In Europe, markets are marginally better, but trading nervously. The Bank of England will be reconvening after the pause for the Queen’s funeral. There are reports that Germany may nationalize one of its largest energy companies. I do not think the Putin mobilization speech with its reference to tactical nuclear weapons has been fully discounted. Markets will continue watching nervously. The President speaks at the
U.N. and possibly will reference the Putin commentary. So, we are going to get a lot of push and pull here.
Anyway, the key event of the day obviously is the Fed statement and the press conference. Bloomberg points out that several times this year very sharp moves after the Fed press conference. So, we shall see. Again, we assume that Powell will avoid words like – neutral, etc. that markets may interpret as we are about to pause.

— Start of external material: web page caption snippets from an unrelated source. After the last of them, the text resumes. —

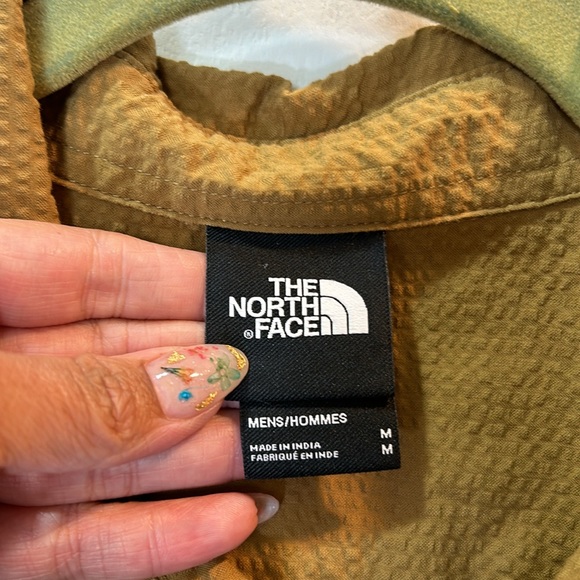 The north face mustard brown casual button up shirt - Picture 5 of 8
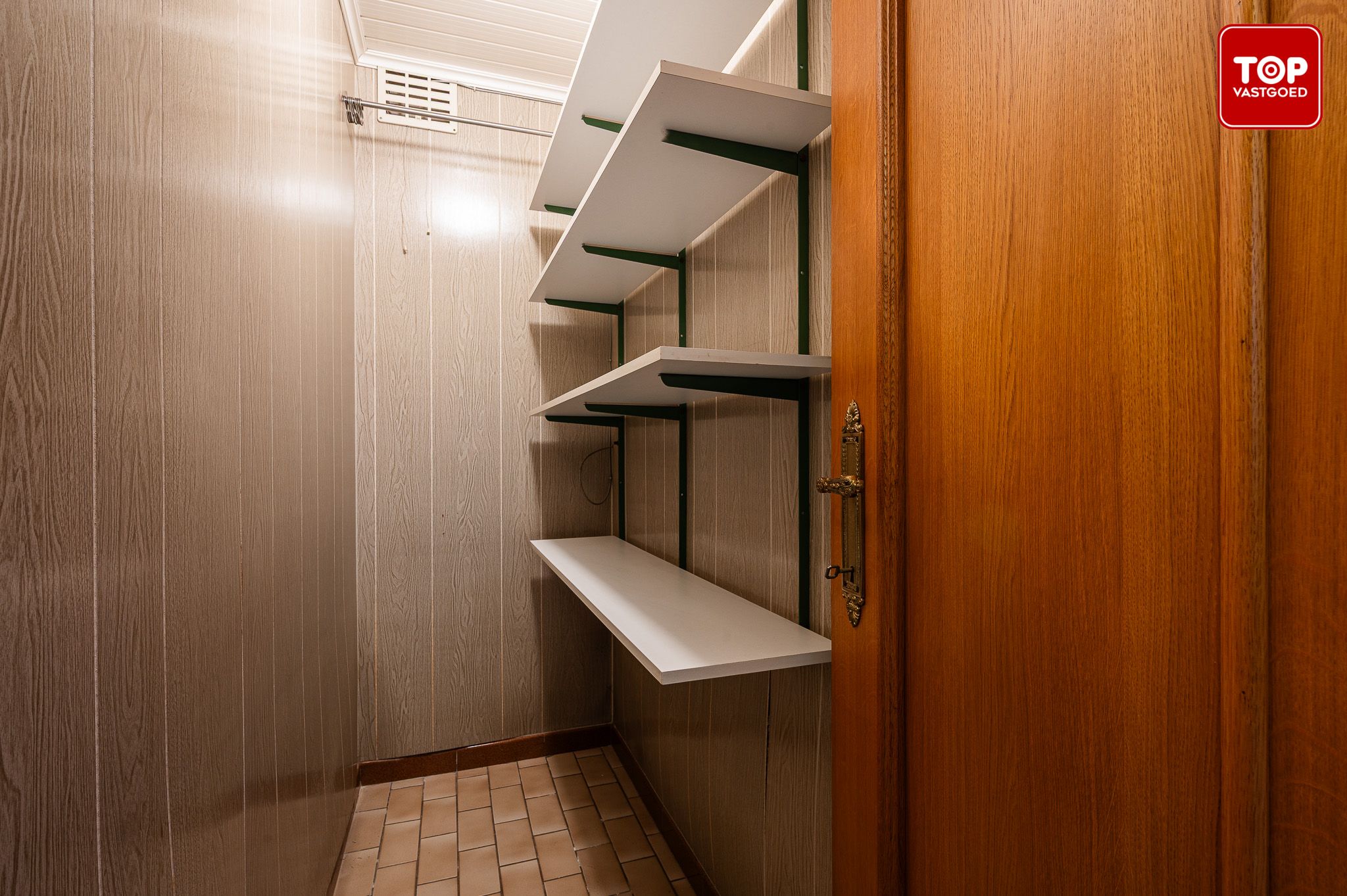 Open bebouwing met karakter en potentieel – 3 slaapkamers en ruime tuin. foto 27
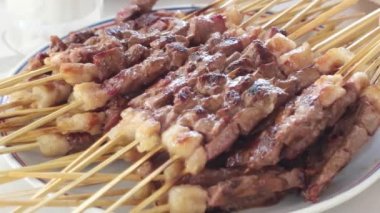 Tabakta Eçi ile sıcak kavrulmuş et şiş kebap. Restoranda kebap el ile alarak müşteriler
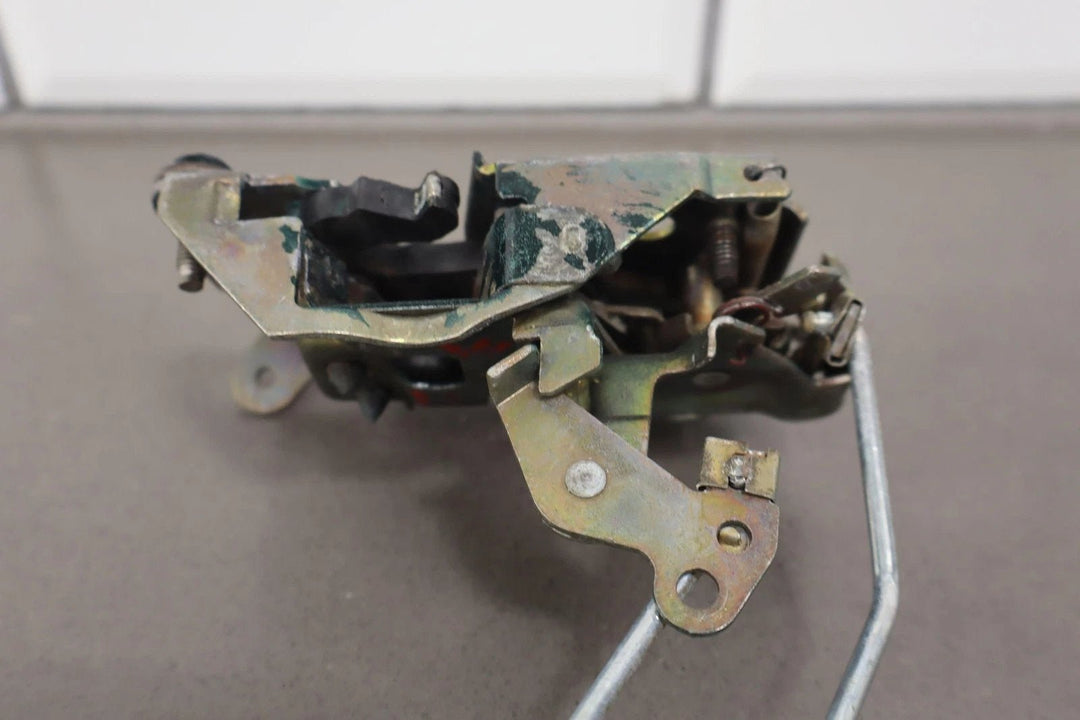 84 - 96 C4 Corvette Left Driver Door Latch W/Rods Tested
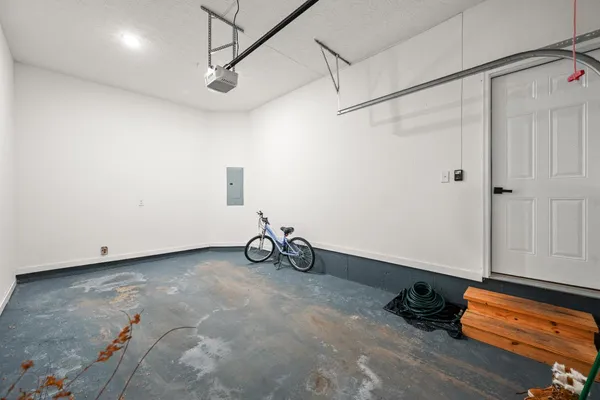 $250,000 | 1530 Nowlin Avenue, Unit 202, Lawrenceburg, IN 47025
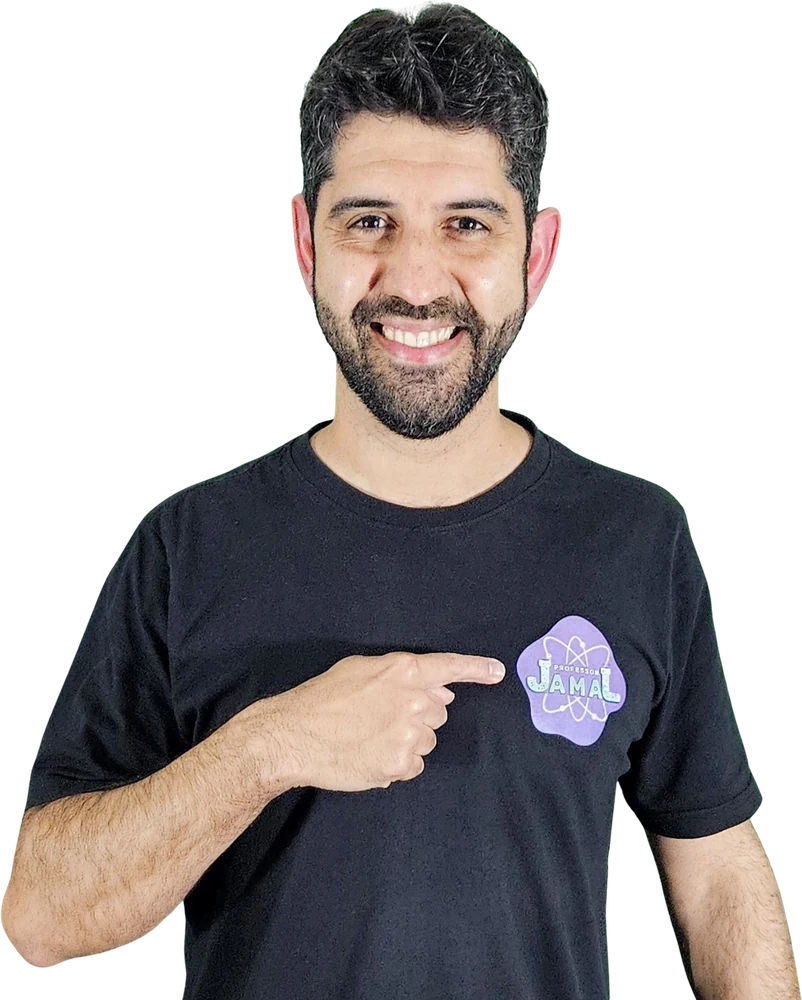 Professor Jamal sorrindo, apontando para a logo do curso na camiseta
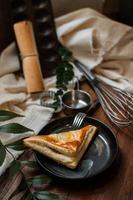 Thunfischkuchen mit Keramikplatte auf einem Holztisch foto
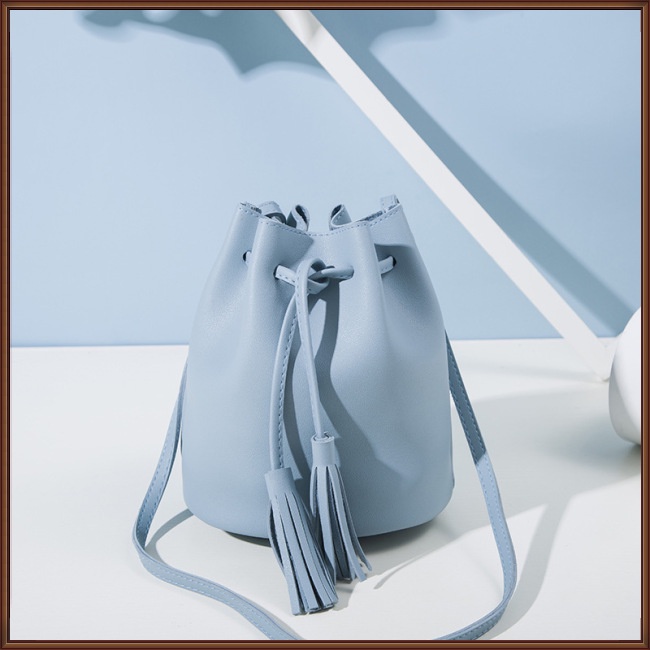 Túi Đeo Vai Rút Dây Màu Trơn Phối Tua Rua Thời Trang Cho Nữ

As we outlined earlier, we assume, barring geopolitical surprises, stocks to drift up until 2:00 p.m. and then after the statement and the corresponding internal Fed member projection of possible inflation, we will get whacky trading as everyone tries to assess that and that whacky trading will last for ten to twenty minutes and then everything is in the hands, in fact, the microphone of Jay Powell.
So, geopolitics may be coming to center stage that we will have to watch (thanks to Wonder Woman, we learned that President Biden speaks to the U.N. about 10:30, but then he conducts bilateral meetings and social formats throughout the day. So, while the 10:30 speech is important, it is a roll of the dice throughout the day). At any rate, you know the rules. Stay close to the newsticker for those very geopolitical reasons. Keep your seatbelt fastened. Stay nimble, alert and at all cost, try to stay safe.